At the most extreme end of the spectrum, Kmart announced that it is going to open at 6 a.m. on Thanksgiving and not close again until 11 p.m. on Black Friday. For those keeping score, that's 41 straight hours of shopping madness. Kmart has been opening at 6 a.m. on Thanksgiving for several years now, but this is the first time that it won't be closing for a few hours to let workers enjoy Thanksgiving dinner with their families.
And therein lies the problem, which is emblematic of America's larger shortcomings when it comes to labor. In order for the stores to be open, someone is going to have to be staffing them, presumably meaning that they are going to have to skip dinner with their friends or family.
Of course, some workers may volunteer for holiday duty (and will hopefully be paid a premium for doing so), but for many workers, taking time off, whether it be for a holiday, other important life events or simply because they are too sick to work, is an impossibility.
As the Center on Economic and Policy Research has noted in its "No Vacation Nation" report, "the United States is the only advanced economy that does not guarantee its workers any paid vacation time and is one of only a few rich countries that does not require employers to offer at least some paid holidays." Overall, "almost one in four Americans has no paid vacation (23 percent) and no paid holidays (23 percent)." The U.S. is also the only developed country that does not guarantee workers paid sick leave, though a host of cities and one state – Connecticut – have gone ahead and mandated paid sick leave on their own.
In fact, the U.S. has some of the globe's weakest labor protections, across the board. As University of Missouri-St. Louis Professor (and U.S. News blogger) Kenneth Thomas has found, "American workers enjoy the least protection out of all major economies in the world. Protections against individual firing, collective dismissals, and ability to get off temporary employment are as weak as they can be."
The practical upshot of this is workers are all too often forced to choose between spending time with their families or their own health (or the health of a sick child) and paying the bills that month. Time off work that higher-income employees take for granted becomes just another day on the job. (The lack of paid sick time also has profound public health effects, spreading disease and costing businesses productivity.)
Last year, scores of petitions popped up targeting the ever-earlier Thanksgiving openings at retailers including Walmart, Target, Best Buy and Sears. "I have worked at Target for six years and I really enjoy my job.
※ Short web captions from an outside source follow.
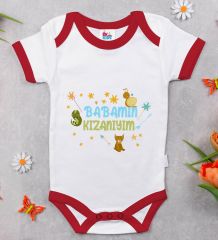 BK Kids Babamın Kızanıyım Tasarımlı Kırmızı Bebek Body Zıbın-1
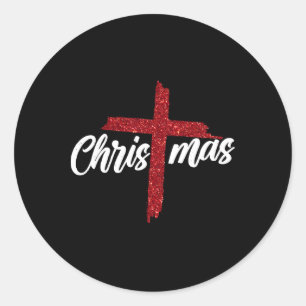 Sticker Rond Noël Jésus Croix Foi religieuse chrétienne Xm
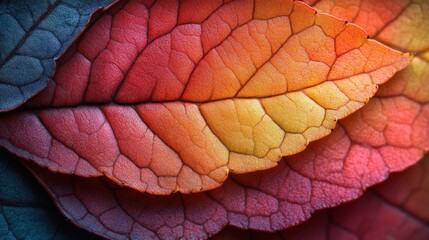 Sticker - Close-Up of Layered Fall Leaves with Vibrant Colors and Intricate Veins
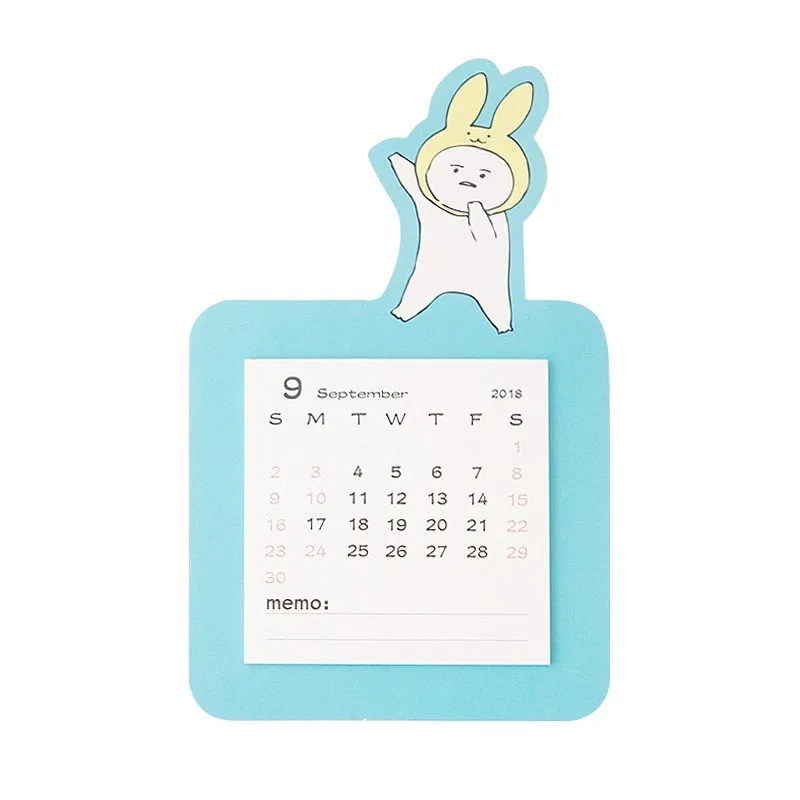 1pc Magnet creative tearable sticky note 2018.9-2019.12 schedule desk calendar weekly planner memo school office stationery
Thanksgiving, though, is one of the three days us retail workers get off a year: a day most all of us spend with family we only get to see on that day," wrote one Target employee in a petition. "Target can take the high road and save Thanksgiving for employees like me and our families by saying no to ‘Thanksgiving Creep.'" For the record, Target is likely going to open for its Black Friday sales at 8 p.m. on Thanksgiving this year.
But Thanksgiving creep is just a small portion of a larger problem when it comes to the exploitation of low-income workers, those who toil for wages that don't get them above the poverty line during hours they can't control and with no guarantee that, should something tragic befall them or their family, they can get time off to take care of it.
So come Thanksgiving, over beer, turkey and football, perhaps spare a thought for those workers who, instead of being with their families, have to be in a big box store, stocking the shelves. And then perhaps do what you can to convince Congress that every American, no matter where she works, deserves time off now and again.